A key clinical advantage of Degarelix, which distinguishes it from the more traditional GnRH agonist class of drugs (e.g., leuprolide), is the complete absence of an initial testosterone surge upon administration.[2] This surge, characteristic of agonists, can precipitate a "clinical flare" of symptoms in patients with advanced disease. By avoiding this phenomenon, Degarelix provides a faster and more predictable reduction in both testosterone and prostate-specific antigen (PSA) levels, making it a particularly valuable option for patients requiring urgent disease control.[7]

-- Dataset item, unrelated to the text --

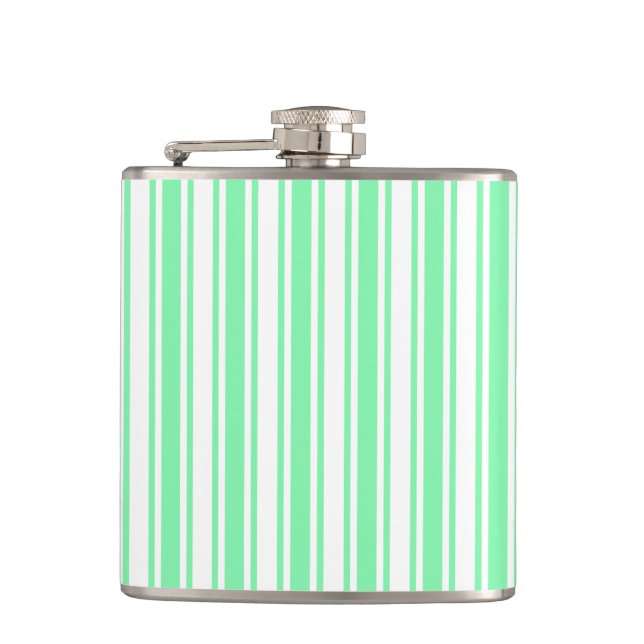 Pastel green and white candy stripes flask (Front)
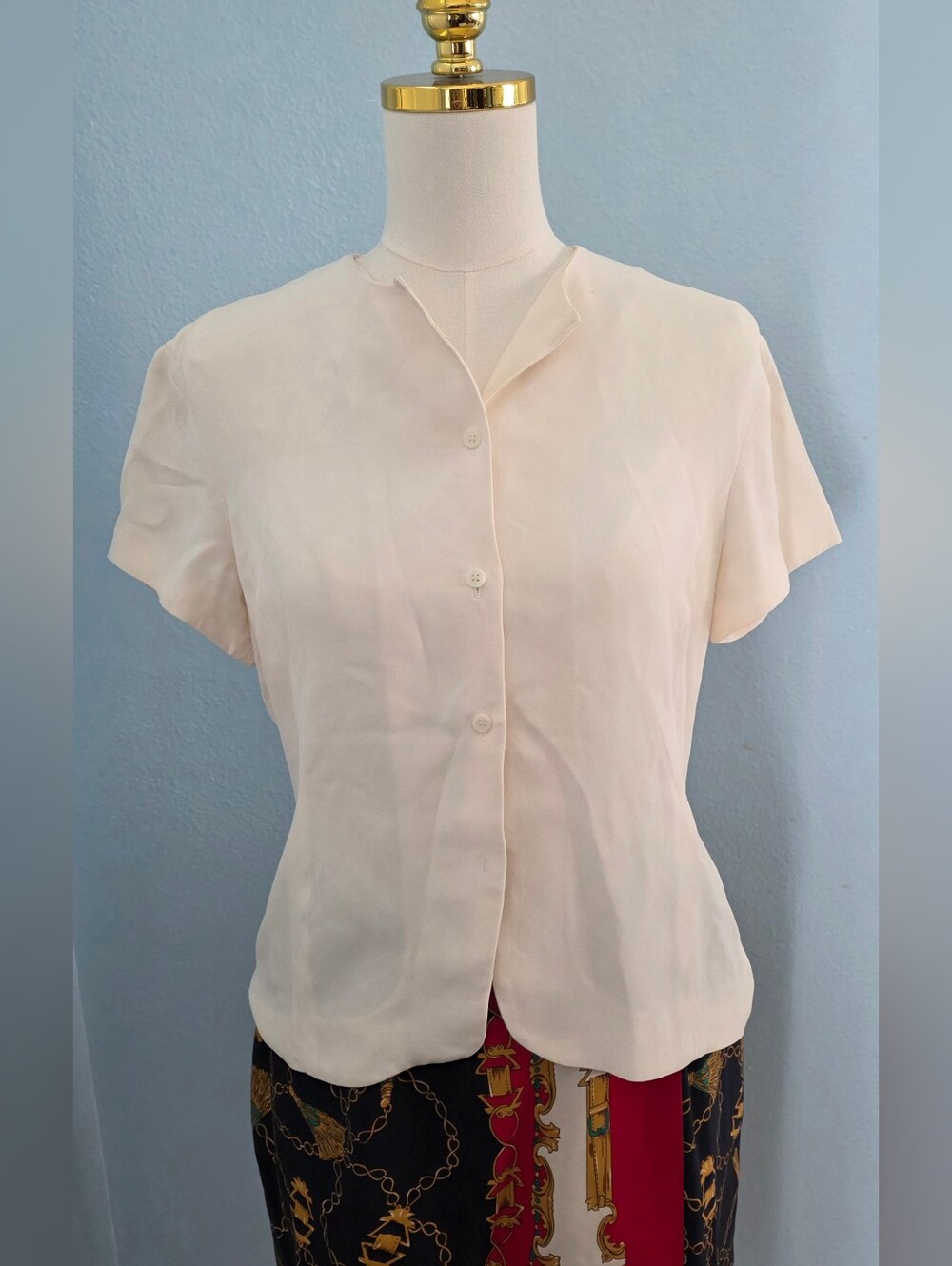 Light Pink Short-Sleeve Button Front Blouse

The safety profile of Degarelix is well-characterized, with the most common adverse events being directly related to its mode of administration and its intended hormonal effects. These include injection site reactions (pain, erythema, swelling), hot flashes, and weight gain.[1] Of significant clinical importance, androgen deprivation therapy as a class, including Degarelix, is associated with a risk of prolonging the QT interval on an electrocardiogram, necessitating caution in patients with pre-existing cardiac conditions or those on concomitant QT-prolonging medications.[2]